Fish roe

A photo of Tarako nigiri
Pollock roe (Tarako)

Pollock roe (Tarako)

【Nigiri sushi: Gyoran】
In Japanese coastal waters, three species are distributed along the northern Japanese coast: Madara (Pacific cod), Sukesoudara (Alaska pollock), and Komai (Saffron cod). The ovaries of Madara (Pacific cod) are called “mako,” while those of Komai (Saffron cod) are called “komai-ko.”It's not tarako because it's cod roe (Madara/Tara); it's actually pollock roe (Sukesoudara).

The mentaiko everyone knows comes from the Korean name for Alaska pollock, “明太” (myeongtae), hence the name mentaiko. To elaborate further, tarako is the salted roe of Alaska pollock, while mentaiko is the salted roe of Alaska pollock seasoned with a marinade containing ingredients like chili peppers. In other words, the names are distinguished based on the presence or absence of chili peppers.

However, recently, the common understanding is that tarako refers to the unsalted, non-spicy version, while mentaiko refers to the version seasoned with a spicy marinade, meaning “mentaiko = karashi (spicy) mentaiko” is often how it's used.

Sushi chefs don’t usually use processed ingredients like tarako (salted pollock roe) as toppings. That said, if a chef prepares the roe themselves—removing it from fresh Pacific cod, seasoning it, and curing it—it may occasionally be served. Traditionally, tarako was eaten raw as a side dish with rice or grilled as a filling for rice balls. In recent years, however, it has started appearing as nigiri at conveyor-belt sushi restaurants, where its popularity seems to be growing. The slightly sweet vinegared rice pairs surprisingly well with its bold saltiness.

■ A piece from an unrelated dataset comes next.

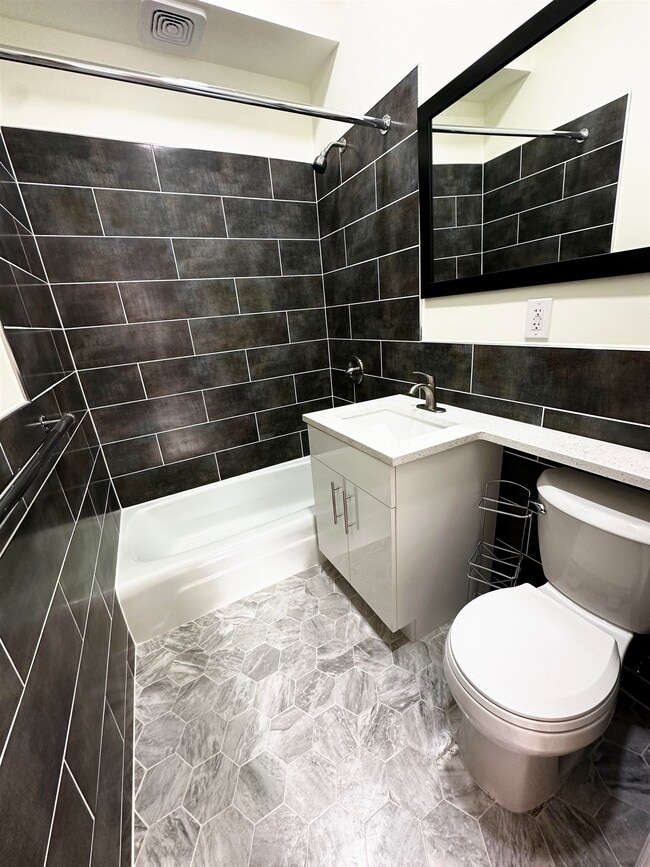 Building Photo - 325 Central Ave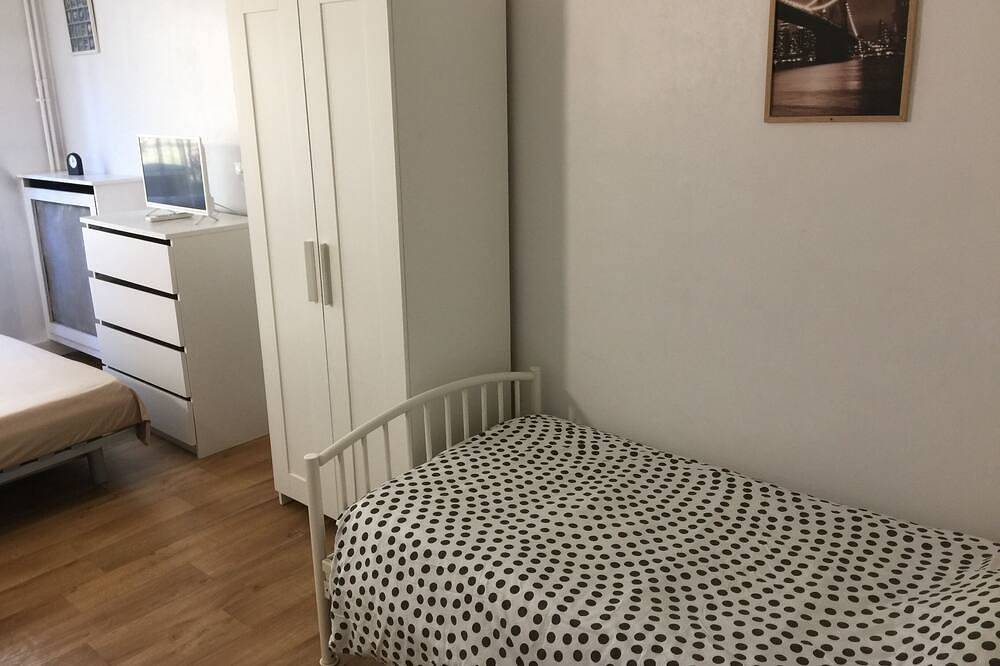 Apartamento entero, Gran Estudio Muy Agradable Y Funcional in 12th Arrondissement, París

Hokkaido produces about 60% of Japan’s total tarako and has long been known for its high quality. Because the roe is processed immediately after being harvested from Alaska pollock caught in Hokkaido—often salted right away—it typically avoids freezing and thawing. This helps preserve its natural flavor at its best.

In Hokkaido, some restaurants serve tarako sushi only during the winter season. Nigiri may be finished with a sprinkle of white sesame seeds or a touch of yuzu zest. For gunkan-maki, the thin membrane is removed and the roe is crumbled before being placed on top. Interestingly, wasabi doesn’t pair particularly well with tarako, so many chefs use little to none.

To be honest, higher-end sushi restaurants that serve pieces one by one rarely offer tarako. It’s generally not something you would order in that setting.